In the sprawling ecosystem of mobile processors, Huawei’s HiSilicon Kirin 710 occupies a unique historical niche. Launched in 2018 as a mid-range challenger to Qualcomm’s Snapdragon 660, the Kirin 710 brought premium features like 12nm fabrication and AI computing to affordable smartphones. However, for developers, repair technicians, and advanced users, one aspect of this chipset remains a persistent source of fascination and frustration: the . Unlike the relatively universal drivers for Qualcomm or MediaTek chips, the Kirin 710’s USB interface is a walled garden, accessible only through proprietary, closely guarded software.

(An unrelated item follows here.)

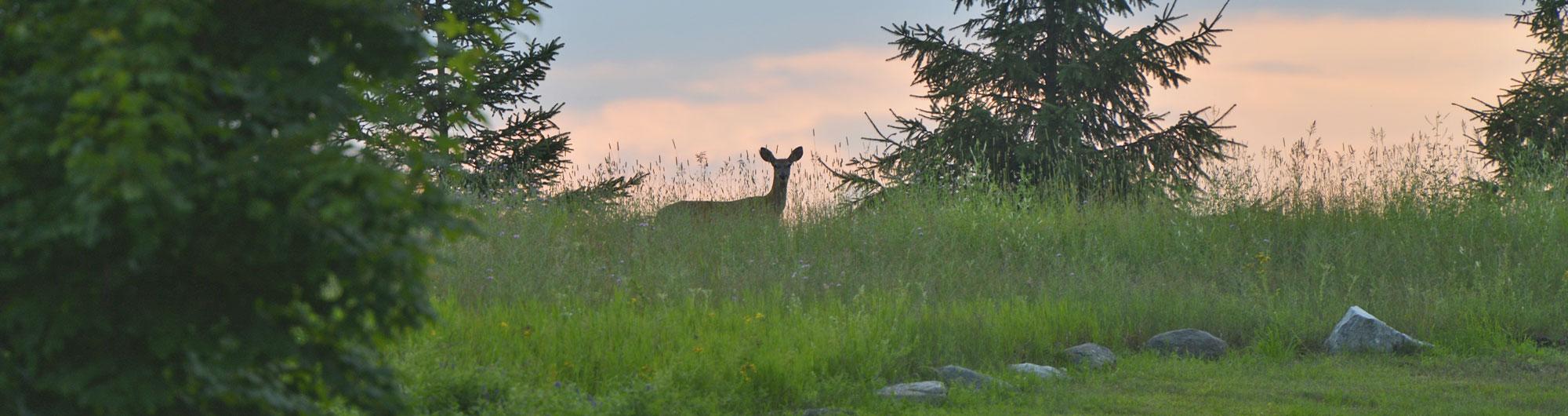 A serene outdoor scene at dusk shows a grassy meadow with wildflowers and scattered rocks. In the center, partially hidden by tall grass, stands a deer silhouetted against the soft orange and blue sky. Evergreen trees frame the background, adding depth and a peaceful, natural ambiance.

This exclusivity is not a mere technical oversight; it is a deliberate strategy born from security concerns, corporate intellectual property protection, and the fragmented landscape of Android maintenance. hisilicon kirin 710 usb driver exclusive
For standard operations (data transfer, ADB debugging), you should use official tools rather than "exclusive" third-party versions to ensure security: HUAWEI PC Manager After installation, the driver may not automatically attach
But for users of devices powered by the —a chip found in over 50 million phones like the Huawei P Smart, Honor 8X, and Mate 20 Lite—this error is a daily nightmare. Why? Because unlike Qualcomm’s universal QDLoader or MediaTek’s widespread VCOM drivers, the Kirin 710 uses an exclusive, locked-down USB interface that turns a simple USB connection into a cryptographic negotiation. For standard operations (data transfer, ADB debugging), you
: Right-click the Windows icon, select Device Manager , click your computer name, and go to Action > Scan for hardware changes .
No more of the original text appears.